→ Input data
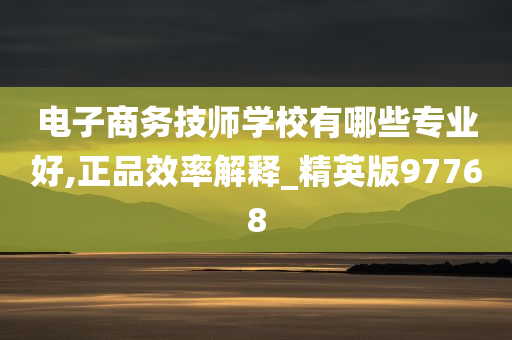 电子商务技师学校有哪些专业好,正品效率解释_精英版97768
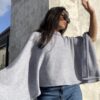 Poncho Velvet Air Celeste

--

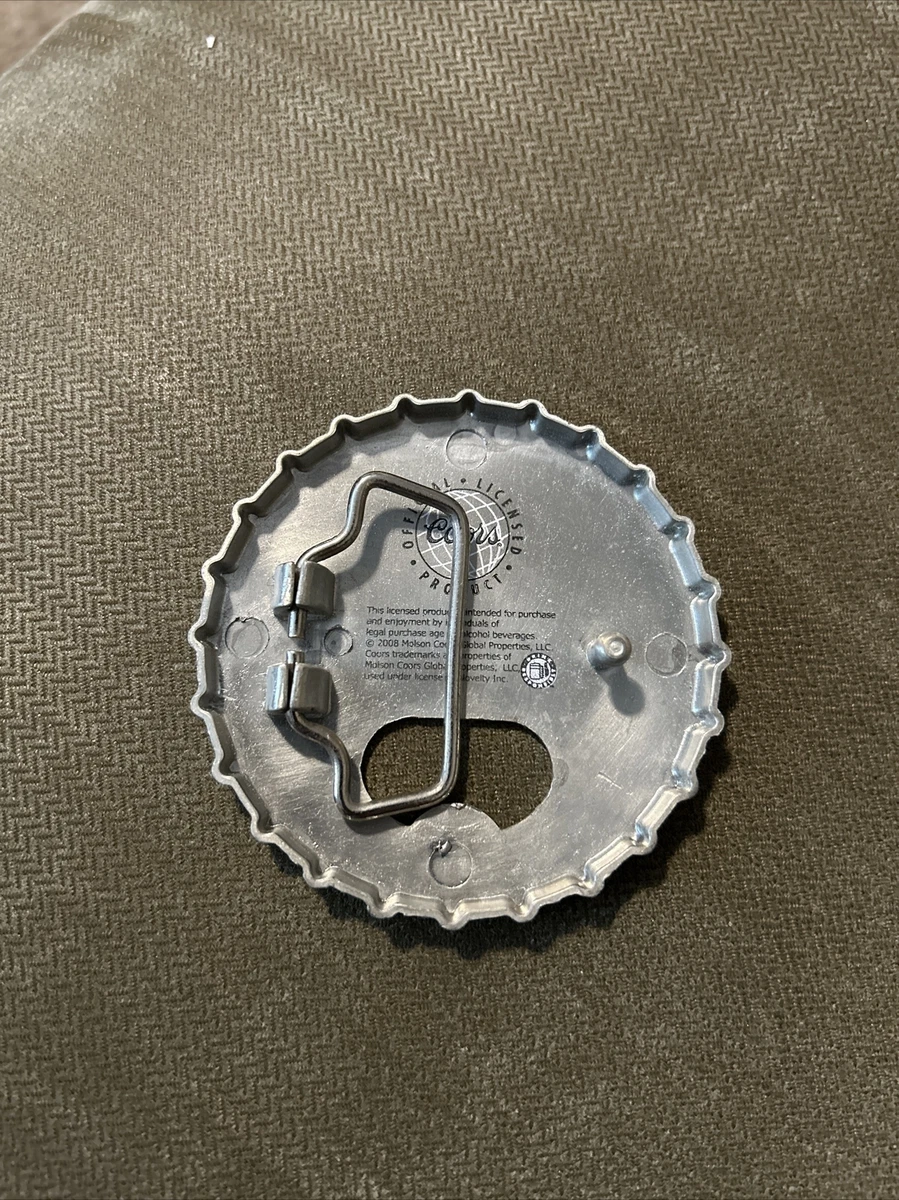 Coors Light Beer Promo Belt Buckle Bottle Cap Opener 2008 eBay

...

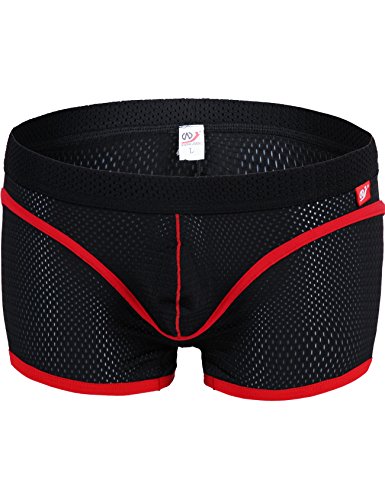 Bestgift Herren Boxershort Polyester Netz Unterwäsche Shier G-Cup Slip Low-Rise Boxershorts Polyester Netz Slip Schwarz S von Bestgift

→ Work required
In the listing above, find the line containing "电子商务技师学校有哪些专业好,正品效率解释_精英版97768" and the line containing "Poncho Velvet Air Celeste", then print exactly those two lines and every line between them, minus the pictures.

→ Solution to this problem
 电子商务技师学校有哪些专业好,正品效率解释_精英版97768
 Poncho Velvet Air Celeste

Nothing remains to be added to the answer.